例えば、念動力すなわち物を動かせる、念視すなわち物に触るなどして残留思念を読む、念話すなわち心を読む、テレパシー、透視能力、予知能力、規格外の身体能力、人間以外の動物と意思疎通ができる、火や水などの耐性………こちらも上げればキリがない。




「そんな人がいるなんて……」



「この者たちに一つだけ、共通しているものがある」



「共通してること…?」



「このようにある程度のパワーがある者は、他人のオーラやエネルギーが見えるということだ。

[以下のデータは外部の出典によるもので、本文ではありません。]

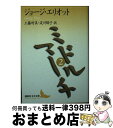 【中古】 ミドルマーチ 2 / ジョージ エリオット, George Eliot, 工藤 好美, 淀川 郁子 / 講談社 文庫 【宅配便出荷】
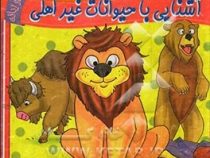 آشنایی با حیوانات غیر اهلی 2 زبانه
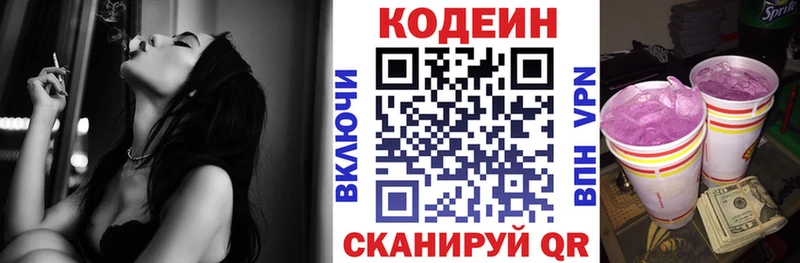 Кодеиновый сироп Lean Purple Drank Опочка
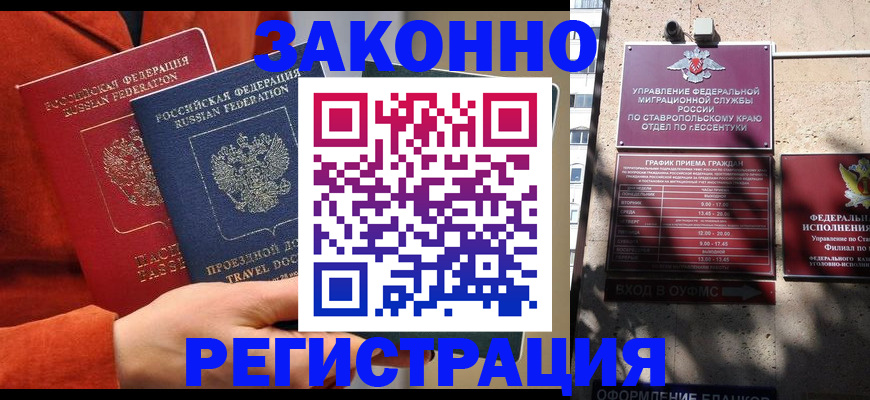 временная регистрация госуслуги в Барыше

つまり、この世の物質的なこと、事件や事故、そして人の死にまつわる物事が、人間のどのようなエネルギーによって巻き起こるのかが目視できるのだ。」




そう、この世のものは全て、人の「影」が生み出している。



「それを、影憑かげつきという。」



「かげ……」



光はここまでの話を理解するのに

既にかなり必死になっていた。


まさに知らなかったことばかりだ。




「そのようなエネルギーや害になる物事を阻止し解決するために結成されている組織がある」



「組織……?」



「PSI……サイと呼んでいる。」





その組織は、特別な才能を持ち得る者のみで構成されており、年齢は非常にバラバラ。

下は3歳〜、上は100歳越え、

また、各国に養成所もいくつか存在している。


つまり、特別な能力を発揮した者は強制的にその組織に入る流れとなるため基本的に普通の学校には行かない。




「世のため人のため国のために生きる」

選ばれし者というレールが敷かれているのだ。



このような者たちのことを、"影憑祓い"

もしくは、PSIサイ、と呼ぶ。



ちなみにサイというのは、


EXTRA SENSORY PENCEPTION 超能力

PSYCHOKINESIS 念力 (サイコキネシス)


これらが語源となっているらしい。



サイの角とスペルが組み合わさったような特殊な記号がトレードマークとなっており、

そのシンボルは、彼らの身につけている何かしらに刻まれているとも。